Respons Pasar: Antara Optimisme dan Kewaspadaan
Pelaku pasar finansial merespons pergeseran kebijakan ini dengan campuran antara optimisme dan kewaspadaan. Rully Arya Wisnubroto, Chief Economist Mirae Asset Sekuritas Indonesia, menilai bahwa mandat dari presiden sudah sangat jelas: mempercepat pertumbuhan ekonomi hingga 8%.
Pasar optimis bahwa pendekatan pro-growth ini akan membuka keran investasi dan konsumsi yang lebih besar. Namun, di sisi lain, muncul kekhawatiran terkait risiko pelebaran defisit, potensi tekanan terhadap nilai tukar Rupiah, dan ancaman inflasi jika stimulus yang digelontorkan tidak terserap secara produktif.

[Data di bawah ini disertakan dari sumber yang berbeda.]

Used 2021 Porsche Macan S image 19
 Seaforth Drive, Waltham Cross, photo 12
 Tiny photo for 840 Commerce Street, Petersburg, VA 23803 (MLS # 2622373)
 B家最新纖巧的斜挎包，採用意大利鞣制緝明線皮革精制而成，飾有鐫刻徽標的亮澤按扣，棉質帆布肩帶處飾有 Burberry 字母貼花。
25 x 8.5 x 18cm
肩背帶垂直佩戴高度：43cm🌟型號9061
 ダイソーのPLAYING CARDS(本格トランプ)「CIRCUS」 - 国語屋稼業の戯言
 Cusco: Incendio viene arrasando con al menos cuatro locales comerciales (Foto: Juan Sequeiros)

Purbaya sadar betul akan risiko ini. Ia berulang kali menegaskan bahwa APBN 2026 dirancang untuk menciptakan keseimbangan antara stimulus dan kehati-hatian (prudential fiscal management) demi menjaga kepercayaan investor.
Tantangan di Depan: Mewujudkan Ambisi di Tengah Ketidakpastian
Jalan Purbaya Yudhi Sadewa untuk mewujudkan target 8% tidak akan mulus. Keberhasilan strateginya sangat bergantung pada eksekusi yang sempurna, efektivitas penyerapan anggaran, dan yang terpenting, harmoni yang solid antara kebijakan fiskal dan moneter.
Namun, era Purbaya juga membuka peluang emas bagi Indonesia. Dengan memobilisasi seluruh potensi domestik dan merancang kebijakan yang berani, Indonesia memiliki kesempatan untuk keluar dari jebakan negara berpenghasilan menengah dan melesat menjadi kekuatan ekonomi yang diperhitungkan. Revolusi fiskal ini adalah pertaruhan besar, namun jika berhasil, akan menjadi fondasi kokoh bagi terwujudnya visi Indonesia Emas 2045.